NEW YORK (Reuters) - Terrence Howard earned an Oscar nomination for his role as a pimp aspiring to be a rapper in “Hustle & Flow” but the 2005 movie also shone a spotlight on the actor’s musical talents and helped him land a record deal.
Howard releases his debut album “Shine Through It” on Tuesday. But it’s nothing like the hip-hop he performed as Djay, which included Three 6 Mafia’s 2006 Academy Award-winning song, “It’s Hard Out Here for a Pimp.”
“Imagine Don McLean growing up in Cleveland in the ‘70s and if he was black, with a little bit of Cat Stevens twisted into his words and a little bit of Richie Havens — that’s the thought behind it,” Howard told Reuters.
“I’m more ... Latin, jazz, orchestral, folk. It’s a lot of big sounds, all live instruments.”
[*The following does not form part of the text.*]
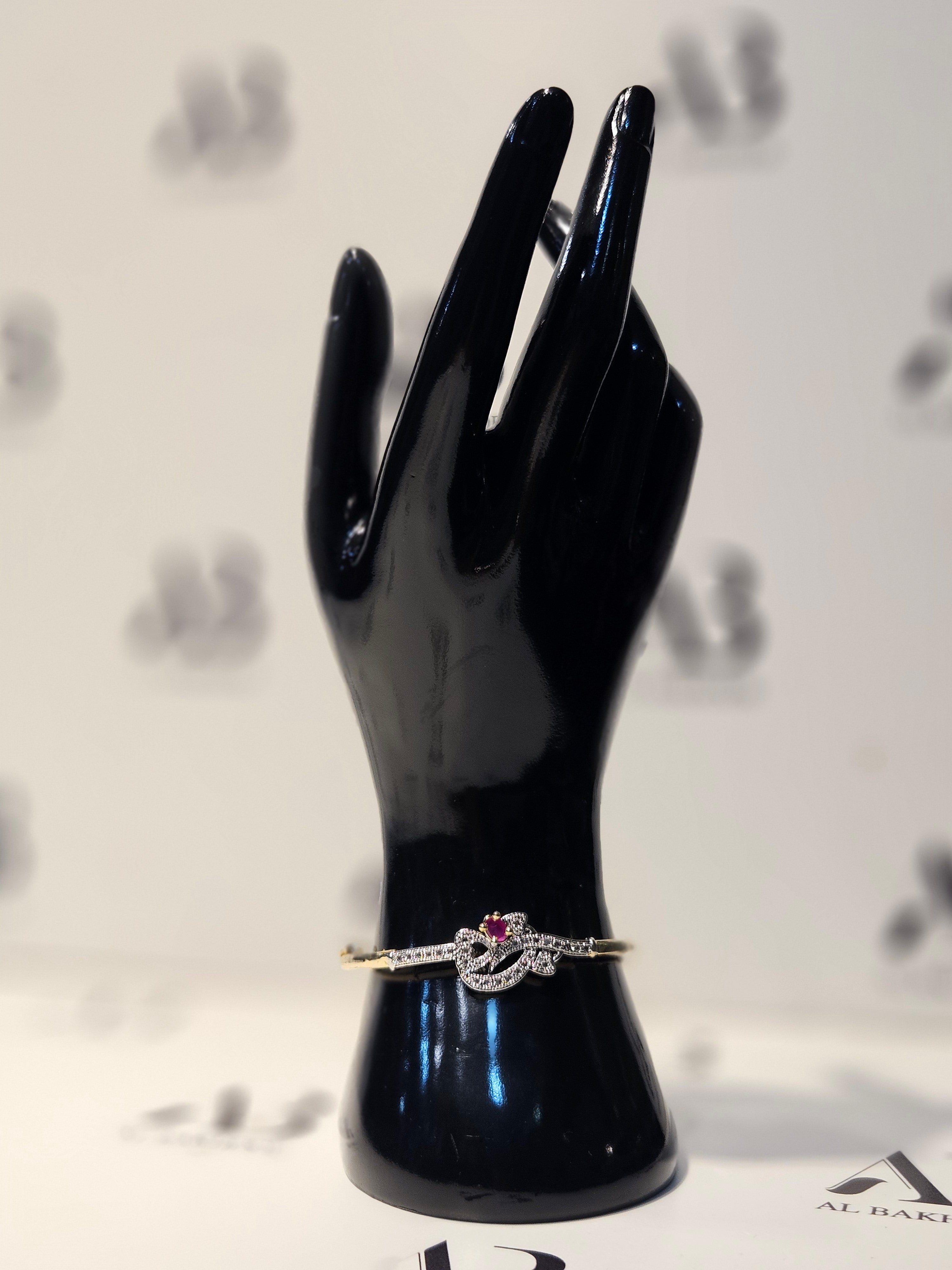 Womans Elegant Bangle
Howard, 39, scored a two-record deal with Columbia Records after running into a company executive as he returned hungover to his hotel after an all-night Oscar party in 2006.
He said the label initially wanted him to work with writers and producers to come up with songs and style his music.
“I remember telling them, ‘If you’re not going to let me produce it myself, then here’s your advance back,”‘ said Howard, who wrote all 11 songs on the album, sang and played guitar. “I had made a little bit of money. I was going to do it myself.
“But they opened up my budget to about $150,000 for me to experiment for two weeks in the studio — six days later I completed my album. I hired all my musicians and we kind of jammed out ... . I gave everyone complete autonomy.”
The twice-divorced father of three said the inspirations for his album were the “faults and failures in my life, hopes and dreams for my future, trying to remain as present as possible but as conscious of yesterday and tomorrow as I can.”
His children, he says, helped him write songs and sang on the album.
Music critics have been dismissive of albums by Hollywood stars such as Lindsay Lohan, Scarlett Johansson and Minnie Driver. So far, “Shine Through It” appears to have escaped that fate.
Reviewer Anthony DeCurtis of The New York Times wrote that while Howard does not sound like any of the musicians that he says inspired him, his secret weapon is his voice.
“The 11 tracks tend more toward a blend of orchestral jazz and upscale R&B, with lush textures of flutes, horns, strings, female backing vocals and keyboards accompanying Mr. Howard, who plays delicate acoustic guitar,” DeCurtis said.
Jonathan Takiff, of the Philadelphia Daily News in Howard’s hometown, wrote that Howard makes “an amazingly strong debut as a singer/songwriter.”
Angus Batey wrote in Britain’s The Daily Telegraph that Howard’s debut is “not the record anyone who saw him rapping in ‘Hustle & Flow’ or acting opposite Ice Cube in ‘The Players Club’ or with OutKast in ‘Idlewild’ would have predicted: a sophisticated, acoustic-hearted, retro soul album, it seems as far away from hip-hop as it is possible to get.”
As he gears up for an “Iron Man” sequel, writes songs for his second album and is in talks to play comedian Richard Pryor or civil rights leader Martin Luther King Jr. in upcoming movies, Howard says he is unsure if acting or music will become his priority.
“I don’t know what journey I’m on,” he said. “(The music) is part of what I am supposed to be doing. How long I’m supposed to do it, I don’t know.”